The English and Creative Writing Department’s International Writers Week kicked off on Tuesday, Feb. 26 with a pizza party and screening of the 2002 film adaptation of bestselling author A.S. Byatt’s Booker prize-winning novel, Possession: A Romance.

On Wednesday, the Little Pub hosted a Harry Potter-themed Trivia Night. Creative Writing senior concentrators Marty Cain, Anna Paikert and Dave Snyder emceed the event, which drew a crowd of superfans who were eager to show off their knowledge on J.K. Rowling’s books and their big-screen versions.

“My team, J.K. LOL-ing, had a great time,” said Meghan Doherty ’14. “It was awesome when I knew the answer to really obscure Harry Potter questions. Finally I have a use for all this HP knowledge!”

The best of International Writers Week is yet to come, though. This Thursday, Kamila Shamsie ’94 will take on any questions that the College community might have for her at 4 p.m. in Root 201. Shamsie grew up in Karachi—where her novel In the City by the Sea is located—and currently lives in London. She is not only a Hamilton graduate but a former visiting professor who is now serving as the College’s writer-in-residence.

“She knows not only where our writing students are coming from but where they might hope to go,” said Professor of English and Creative Writing Doran Larson.

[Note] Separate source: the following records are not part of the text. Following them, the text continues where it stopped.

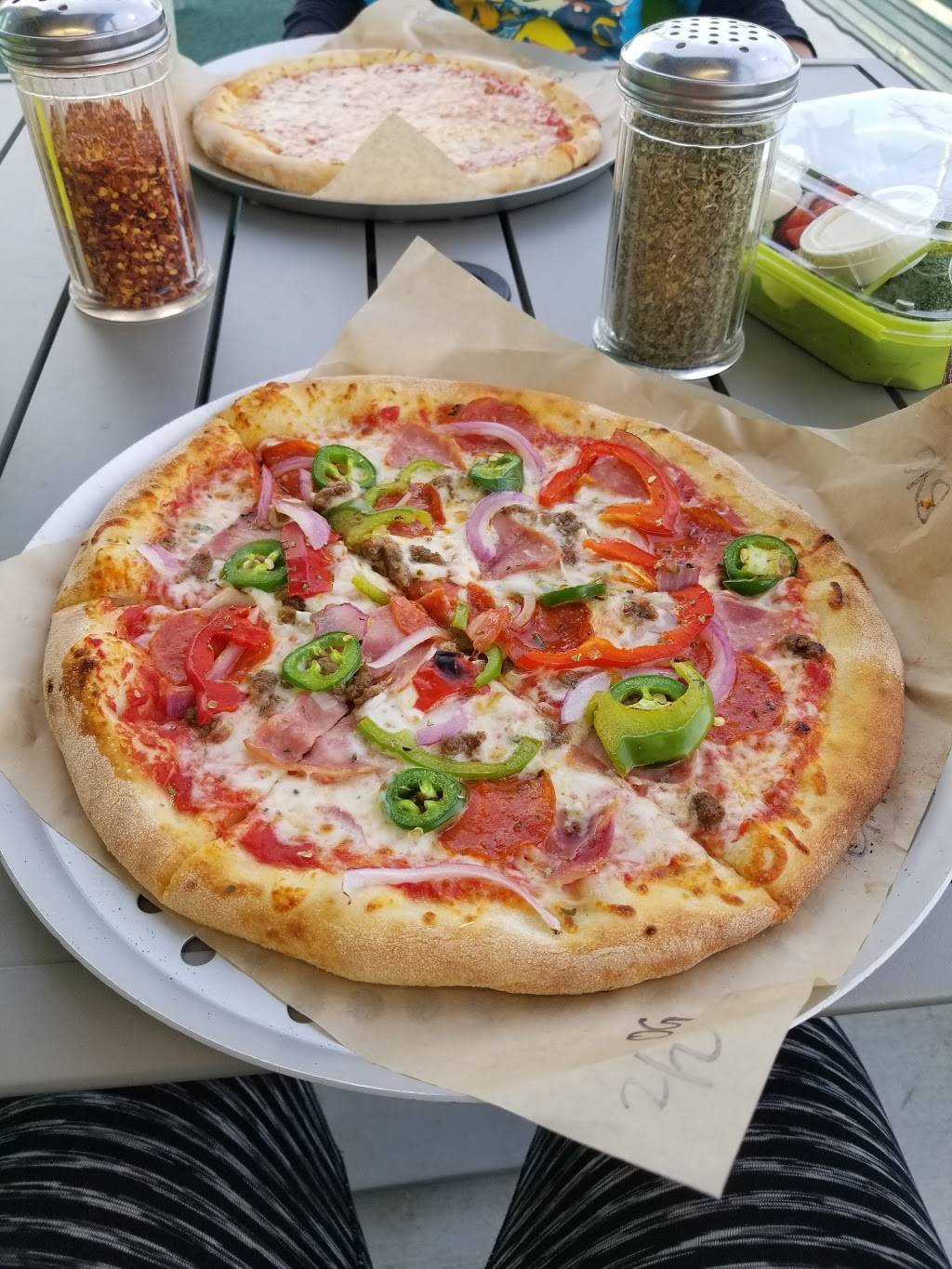 Urban Bricks Pizza Co | restaurant | 8000 Pat Booker Rd #100, Live Oak, TX 78233, USA | 2109670001 OR +1 210-967-0001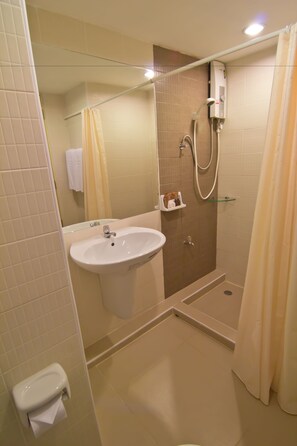 Standard Room with City View | Bathroom | Shower, free toiletries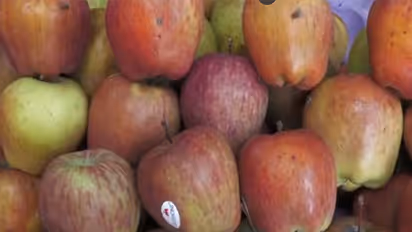 Apples at a market in Prayagraj (Photo credit/ANI)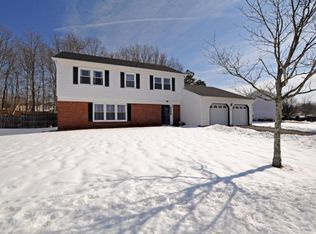 8 Millburn Ct, Old Bridge, NJ 08857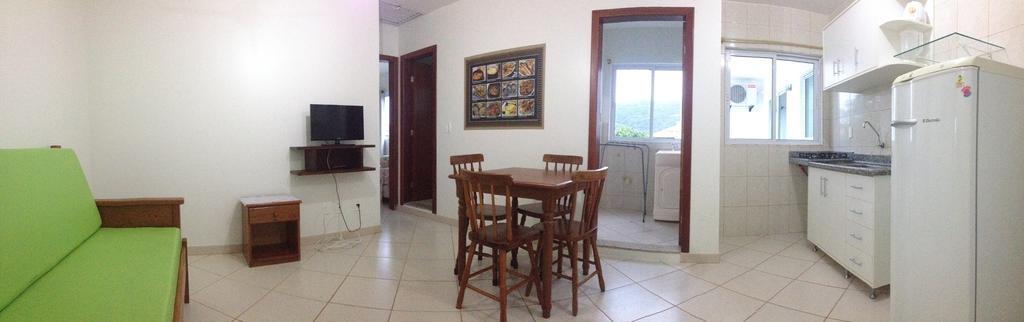Apartamento Standard - Edifício Branco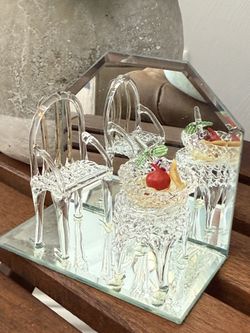 Vintage Spun Glass Chair & Table With Fruit Basket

Earlier this week, Shamsie paid a visit to Larson’s Study of the Novel class, which is currently reading her most recent novel, Burnt Shadows.

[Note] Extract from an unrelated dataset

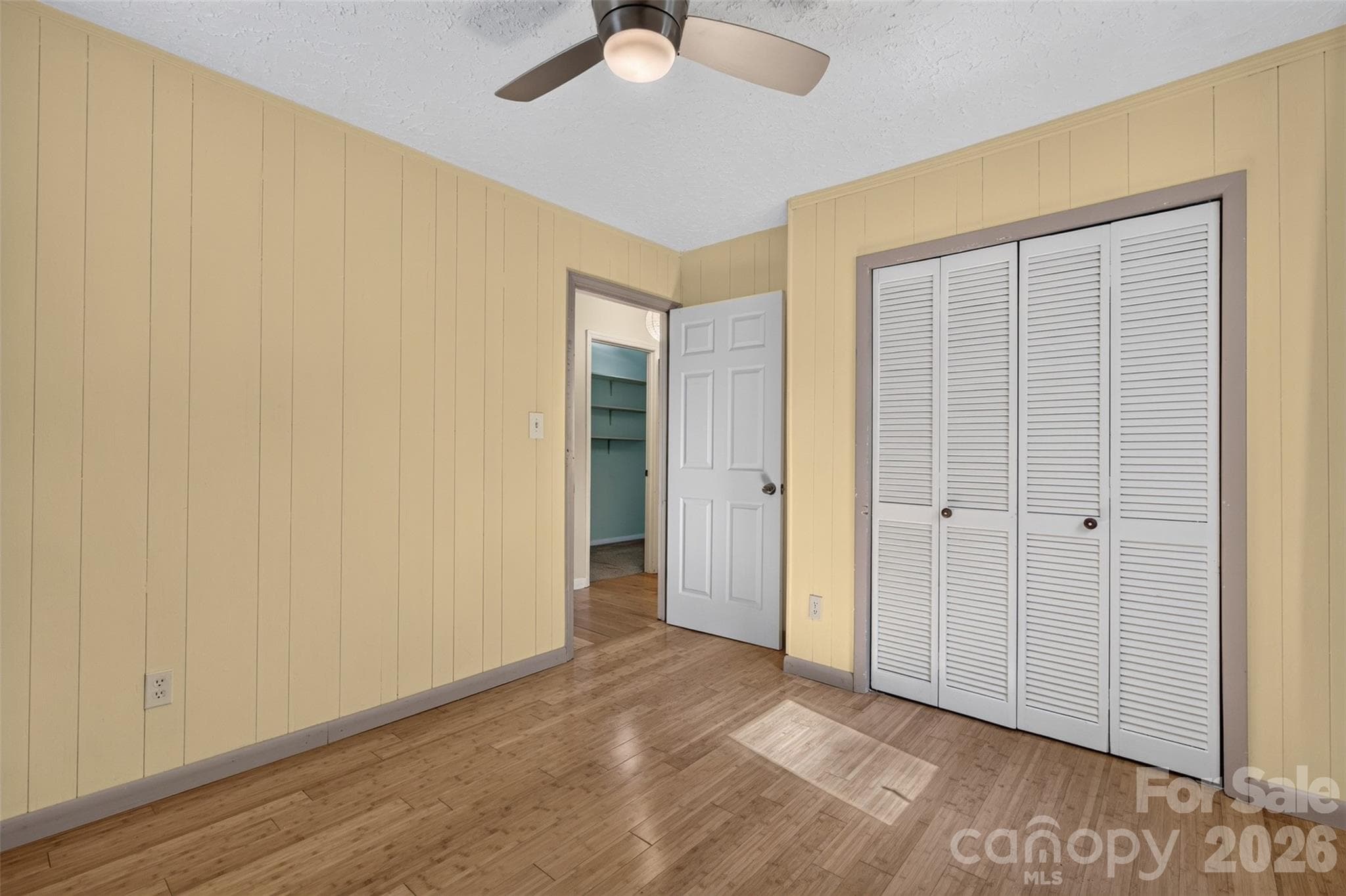 #1 bedroom opposite side - 9 Good Neighbor Ridge, Weaverville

This weekend is host to a series of readings. Friday at 8 p.m. in the Chapel, Byatt will read from her works, which include The Children’s Book and Ragnarok – the End of the Gods. After the reading, she will gladly sign books.

On Saturday, Taylor Science Center is the place to be. At 10 a.m., the International Book Fair begins in the Atrium. All are welcome to join poet and essayist Ishion Hutchinson for a Jamaican breakfast at 10:30 a.m. before his 11 a.m. reading in the same location. Hutchinson’s first book of poems, Far District, won the PEN/Joyce Osterweil Award in 2011.

In G041 at 2 p.m., both Hutchinson and Shamsie will be speaking in a panel discussion about their favorite international authors. The week’s events conclude with a reading at 4 p.m. in the Atrium by Shamsie.